(Information provided Opens)

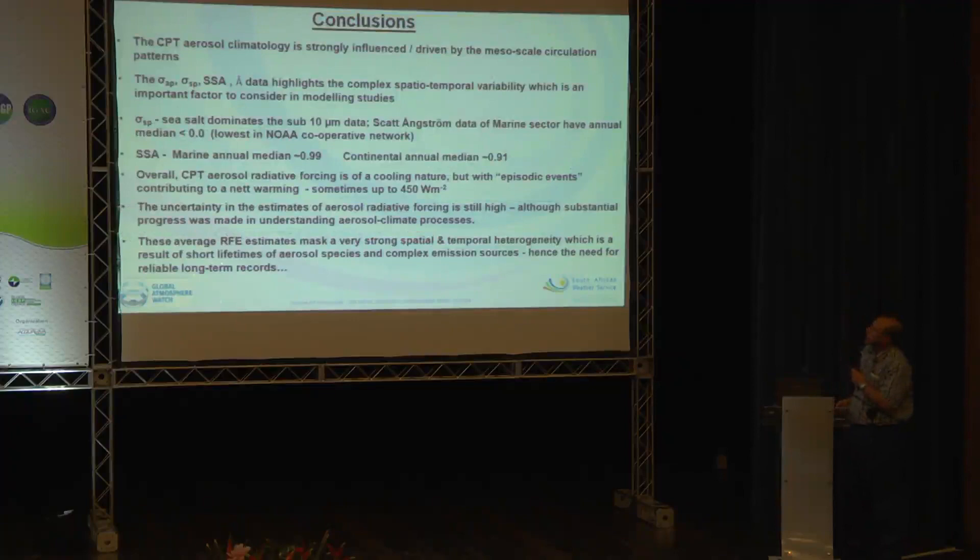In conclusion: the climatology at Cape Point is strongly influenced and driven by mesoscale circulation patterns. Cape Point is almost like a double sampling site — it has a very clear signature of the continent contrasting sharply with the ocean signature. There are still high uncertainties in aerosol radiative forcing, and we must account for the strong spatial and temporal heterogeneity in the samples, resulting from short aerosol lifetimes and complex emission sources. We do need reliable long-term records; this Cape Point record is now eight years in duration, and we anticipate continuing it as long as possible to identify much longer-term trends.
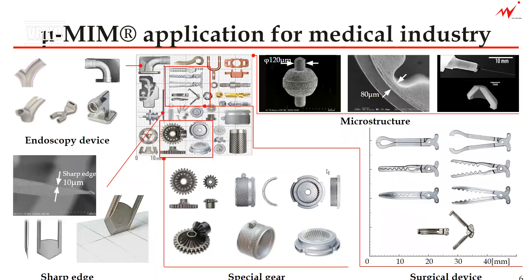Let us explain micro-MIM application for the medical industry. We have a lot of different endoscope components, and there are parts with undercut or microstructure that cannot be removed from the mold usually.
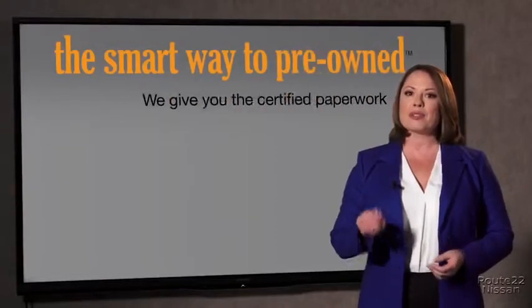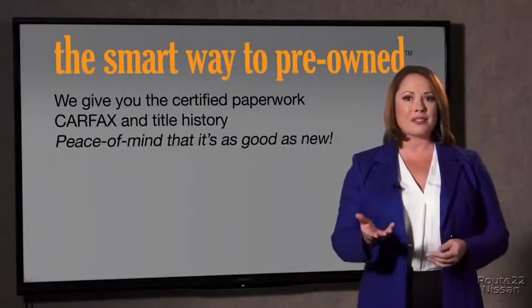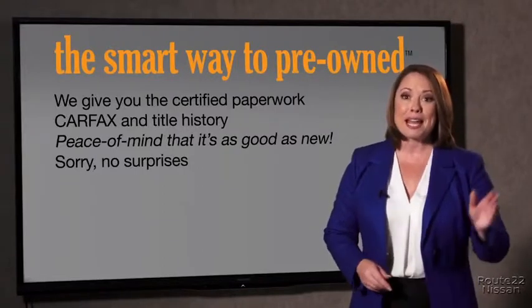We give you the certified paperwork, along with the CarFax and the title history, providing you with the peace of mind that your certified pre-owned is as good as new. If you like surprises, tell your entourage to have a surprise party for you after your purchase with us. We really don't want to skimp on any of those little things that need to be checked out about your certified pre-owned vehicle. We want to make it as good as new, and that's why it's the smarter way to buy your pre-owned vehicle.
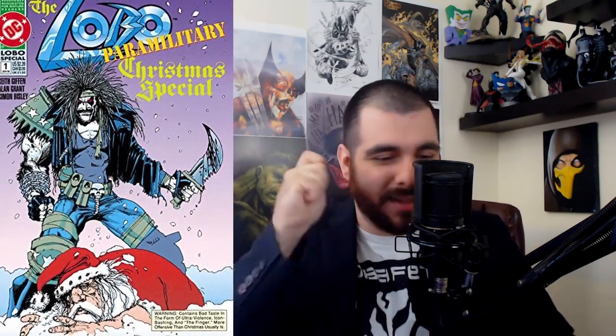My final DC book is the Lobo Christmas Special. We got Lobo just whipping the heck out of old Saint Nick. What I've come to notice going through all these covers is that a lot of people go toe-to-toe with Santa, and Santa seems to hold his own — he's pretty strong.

(Information provided Closes)

* [Problem details]: Once the pictures are set aside, give the rest of the material again unchanged.

* [Solution for this problem]:
In conclusion: the climatology at Cape Point is strongly influenced and driven by mesoscale circulation patterns. Cape Point is almost like a double sampling site — it has a very clear signature of the continent contrasting sharply with the ocean signature. There are still high uncertainties in aerosol radiative forcing, and we must account for the strong spatial and temporal heterogeneity in the samples, resulting from short aerosol lifetimes and complex emission sources. We do need reliable long-term records; this Cape Point record is now eight years in duration, and we anticipate continuing it as long as possible to identify much longer-term trends.
Let us explain micro-MIM application for the medical industry. We have a lot of different endoscope components, and there are parts with undercut or microstructure that cannot be removed from the mold usually.
We give you the certified paperwork, along with the CarFax and the title history, providing you with the peace of mind that your certified pre-owned is as good as new. If you like surprises, tell your entourage to have a surprise party for you after your purchase with us. We really don't want to skimp on any of those little things that need to be checked out about your certified pre-owned vehicle. We want to make it as good as new, and that's why it's the smarter way to buy your pre-owned vehicle.
My final DC book is the Lobo Christmas Special. We got Lobo just whipping the heck out of old Saint Nick. What I've come to notice going through all these covers is that a lot of people go toe-to-toe with Santa, and Santa seems to hold his own — he's pretty strong.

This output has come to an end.